The most common version requires that no single trading day accounts for more than 30-40% of your total profit. For example, if you make $5,000 total during an evaluation, no single day can account for more than $1,500-$2,000 of that profit. Some firms calculate this as a percentage, others use a fixed ratio. The rule is checked at the time you request a payout or complete an evaluation phase.

Which Firms Have a Consistency Rule?

Consistency rules are most common among firms that want to verify traders have a repeatable strategy. Firms without consistency rules tend to rely more heavily on longer minimum trading day requirements or multi-phase evaluations instead.

How to Pass the Consistency Rule

The simplest approach: set a daily profit target and stop trading once you hit it.
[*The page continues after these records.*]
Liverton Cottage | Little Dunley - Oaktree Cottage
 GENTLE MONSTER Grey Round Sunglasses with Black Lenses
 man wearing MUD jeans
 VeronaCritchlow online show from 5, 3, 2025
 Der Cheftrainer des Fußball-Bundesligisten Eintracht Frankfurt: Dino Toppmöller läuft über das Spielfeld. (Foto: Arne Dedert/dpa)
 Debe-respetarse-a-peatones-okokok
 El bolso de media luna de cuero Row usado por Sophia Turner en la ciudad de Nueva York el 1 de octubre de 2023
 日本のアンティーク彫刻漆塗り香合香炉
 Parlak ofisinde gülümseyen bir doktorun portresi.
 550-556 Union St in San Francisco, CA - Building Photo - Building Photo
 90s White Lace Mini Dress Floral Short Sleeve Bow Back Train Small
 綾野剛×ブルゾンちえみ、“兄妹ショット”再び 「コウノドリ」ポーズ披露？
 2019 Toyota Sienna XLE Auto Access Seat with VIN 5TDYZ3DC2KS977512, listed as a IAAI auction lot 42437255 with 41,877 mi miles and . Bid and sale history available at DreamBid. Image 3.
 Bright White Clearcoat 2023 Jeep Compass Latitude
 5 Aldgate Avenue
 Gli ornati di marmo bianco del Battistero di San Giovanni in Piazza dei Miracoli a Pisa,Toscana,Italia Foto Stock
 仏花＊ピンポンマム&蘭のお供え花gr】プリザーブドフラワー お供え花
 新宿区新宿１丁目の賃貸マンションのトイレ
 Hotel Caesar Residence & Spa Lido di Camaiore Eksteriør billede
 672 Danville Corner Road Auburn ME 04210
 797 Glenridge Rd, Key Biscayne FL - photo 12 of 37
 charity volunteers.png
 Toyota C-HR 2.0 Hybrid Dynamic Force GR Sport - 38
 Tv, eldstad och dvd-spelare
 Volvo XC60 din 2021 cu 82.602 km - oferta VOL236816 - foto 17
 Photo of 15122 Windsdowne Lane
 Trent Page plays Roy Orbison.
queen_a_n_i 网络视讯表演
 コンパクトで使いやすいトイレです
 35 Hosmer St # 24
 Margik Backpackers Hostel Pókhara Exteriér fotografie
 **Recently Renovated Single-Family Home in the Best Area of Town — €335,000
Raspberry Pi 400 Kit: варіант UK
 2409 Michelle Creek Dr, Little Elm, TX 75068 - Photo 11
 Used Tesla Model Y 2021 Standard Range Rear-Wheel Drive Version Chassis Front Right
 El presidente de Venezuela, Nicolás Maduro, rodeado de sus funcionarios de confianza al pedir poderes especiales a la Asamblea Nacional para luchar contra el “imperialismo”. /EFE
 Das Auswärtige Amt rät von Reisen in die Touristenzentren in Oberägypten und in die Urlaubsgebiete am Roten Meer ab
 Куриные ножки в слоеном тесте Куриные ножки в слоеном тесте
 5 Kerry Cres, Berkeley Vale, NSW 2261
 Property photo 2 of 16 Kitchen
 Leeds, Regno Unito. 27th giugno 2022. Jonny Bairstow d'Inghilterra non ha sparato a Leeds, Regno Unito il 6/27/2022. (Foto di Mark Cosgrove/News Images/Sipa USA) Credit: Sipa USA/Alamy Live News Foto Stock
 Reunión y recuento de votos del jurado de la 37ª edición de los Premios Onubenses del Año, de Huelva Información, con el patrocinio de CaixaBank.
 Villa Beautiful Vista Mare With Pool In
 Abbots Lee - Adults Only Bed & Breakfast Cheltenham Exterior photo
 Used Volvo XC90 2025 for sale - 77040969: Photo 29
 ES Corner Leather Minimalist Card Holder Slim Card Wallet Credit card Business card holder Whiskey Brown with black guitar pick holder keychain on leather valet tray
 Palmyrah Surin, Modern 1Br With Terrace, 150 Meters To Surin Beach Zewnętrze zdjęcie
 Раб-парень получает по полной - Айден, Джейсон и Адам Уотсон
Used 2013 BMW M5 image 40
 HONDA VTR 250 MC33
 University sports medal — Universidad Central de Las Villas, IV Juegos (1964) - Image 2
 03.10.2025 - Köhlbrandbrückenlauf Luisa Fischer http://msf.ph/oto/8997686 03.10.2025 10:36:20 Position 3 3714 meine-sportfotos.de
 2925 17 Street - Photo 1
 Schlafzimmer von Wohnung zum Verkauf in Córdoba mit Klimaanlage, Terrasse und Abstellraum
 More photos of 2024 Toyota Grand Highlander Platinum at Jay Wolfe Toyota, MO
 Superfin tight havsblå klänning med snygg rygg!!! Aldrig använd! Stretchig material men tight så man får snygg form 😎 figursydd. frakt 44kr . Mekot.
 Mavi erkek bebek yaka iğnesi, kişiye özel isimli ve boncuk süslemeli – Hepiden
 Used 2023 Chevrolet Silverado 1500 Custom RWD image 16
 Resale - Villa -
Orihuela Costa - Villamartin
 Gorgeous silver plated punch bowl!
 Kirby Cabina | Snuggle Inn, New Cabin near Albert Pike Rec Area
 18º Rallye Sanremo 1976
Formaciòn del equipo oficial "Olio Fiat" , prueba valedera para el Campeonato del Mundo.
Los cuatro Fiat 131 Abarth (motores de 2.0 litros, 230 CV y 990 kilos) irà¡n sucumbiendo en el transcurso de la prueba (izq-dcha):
If you need $5,000 over 20 days, target $250/day. When you have a great day (+$800), stop early — do not keep trading. When you have a losing day (-$200), accept it and move on. The consistency rule rewards the tortoise, not the hare. Also, track your daily P&L distribution using a tool like PropTally to see your consistency metrics before submitting for evaluation.

Common Mistakes

The most common mistake is having one exceptional day (often by accident) that accounts for too much of your total profit. This can be especially frustrating if it happens early in the evaluation. Another mistake is revenge trading after a losing day, which creates large variance and destroys consistency.

Frequently Asked Questions

Can I fail a challenge just for the consistency rule?

Yes — even if you hit the profit target and stay within drawdown, violating the consistency rule means you fail or cannot receive a payout.

Does the consistency rule apply to funded accounts too?

Some firms enforce it only during evaluation, while others apply it to funded payouts as well. Check your specific firm rules.

What percentage is typical for the consistency rule?

Most firms set the limit between 30-40% of total profit from any single day. Some firms use 25% or 50%.